Patrick popularity declines

What’s wrong with you people? What’s wrong with you, America? Don’t you like my name anymore? According to Social Security Adminstration statistics, you like it less and less with each passing day. Decades of advancement are slowly being reversed.

See, back in the early 1900s, we didn’t have it so easy. From 1900-1909, “Patrick” was only the 114th most popular boy baby name in the United States. In the 1910s, things got worse; my name slipped to 156th most popular.

But beginning then, we began one heck of a run. The name improved to 142nd in the 1920s, 107th in the 1930s, 57th in the 1940s, and 40th in the 1950s. Finally, the name hit its peak in the 1960s: 32nd.

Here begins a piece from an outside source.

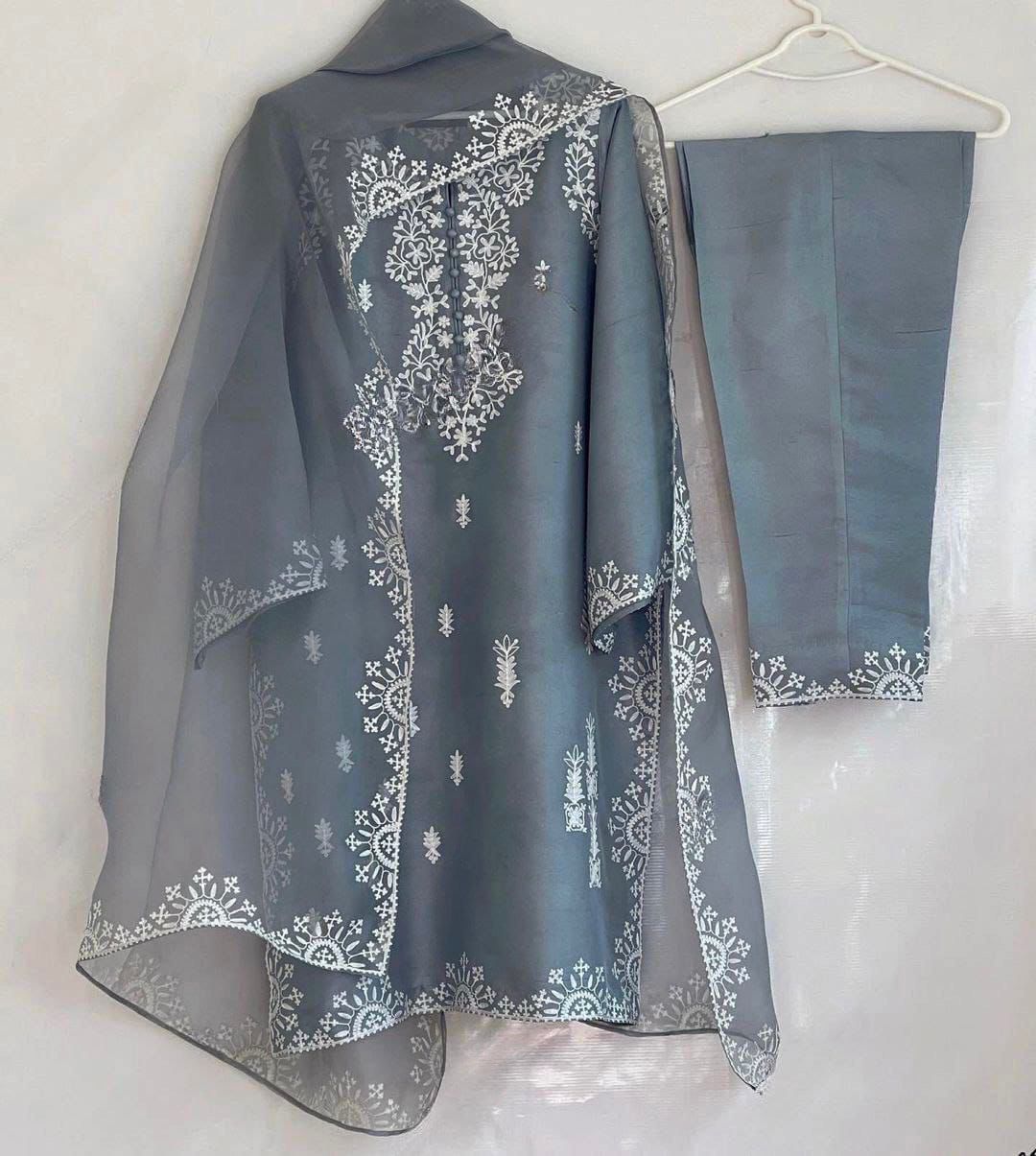Lucknowi Chikankari Georgette Kurta with Pant and Dupatta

The 1970s, unfortunately, would signal a turn — a turn against my name. The name dropped to 37th during that decade and 38th in the 1980s. The 1990s would take it back to 44th and the trend didn’t stop there. In 2000, the name sunk to 69th. In 2001? 73rd. In 2002? 80th.

The New York Times Magazine analyzes the baby naming of America in this week’s issue. They had experts predict the top baby names of 2010. Patrick did not make the list. Going number one most popular to number 10, the boy’s top list comprised: Ethan, Connor, Jaden, Cole, Jack, Caleb, Liam, Julian, Elijah, Own, Tristan, and Dominic.

As someone who may have children by 2010 (age 30), I dislike these popular named children already. “Patrick” will surely suffer for their parents’ choices.